● Source material
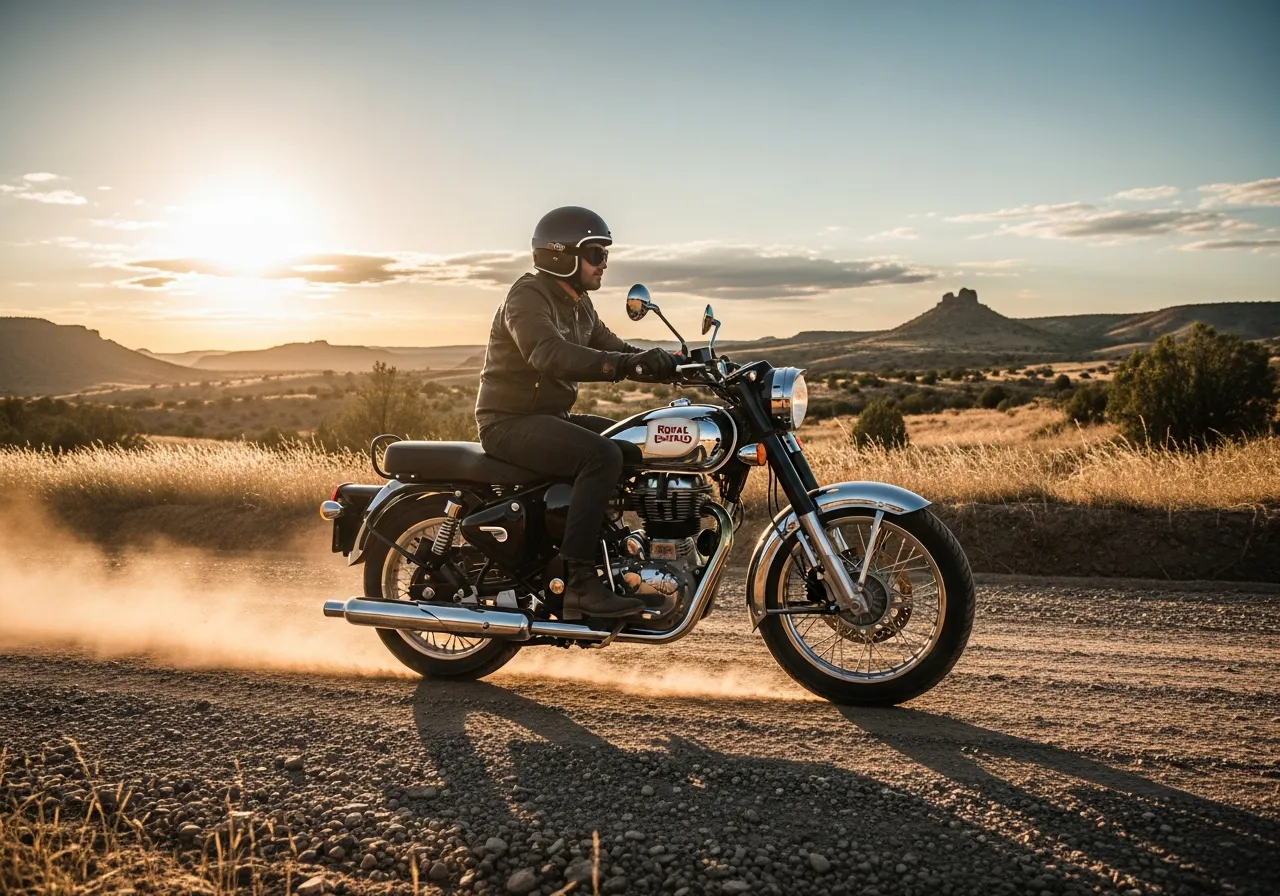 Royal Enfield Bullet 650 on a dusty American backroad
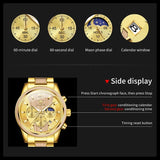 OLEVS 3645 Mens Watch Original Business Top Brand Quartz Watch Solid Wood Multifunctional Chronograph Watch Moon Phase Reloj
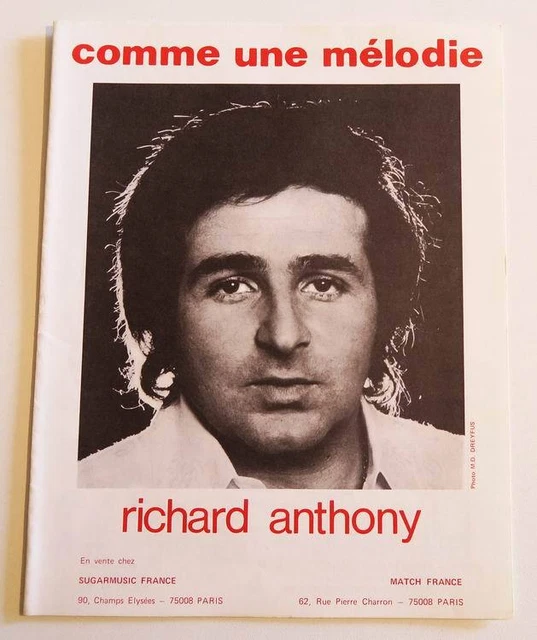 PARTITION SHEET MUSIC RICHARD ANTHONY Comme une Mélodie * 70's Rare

...

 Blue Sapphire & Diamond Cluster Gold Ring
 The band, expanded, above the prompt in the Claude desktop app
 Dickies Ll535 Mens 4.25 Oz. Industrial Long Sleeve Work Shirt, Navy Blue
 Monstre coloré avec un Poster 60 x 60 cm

* * *

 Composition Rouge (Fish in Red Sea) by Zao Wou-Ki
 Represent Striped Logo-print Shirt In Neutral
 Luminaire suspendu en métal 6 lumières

● Instructions for the task
Restate word for word every line from the one with "Royal Enfield Bullet" up to and including the one with "PARTITION SHEET MUSIC" in the records above, minus the pictures.

● Output for this task
 Royal Enfield Bullet 650 on a dusty American backroad
 OLEVS 3645 Mens Watch Original Business Top Brand Quartz Watch Solid Wood Multifunctional Chronograph Watch Moon Phase Reloj
 PARTITION SHEET MUSIC RICHARD ANTHONY Comme une Mélodie * 70's Rare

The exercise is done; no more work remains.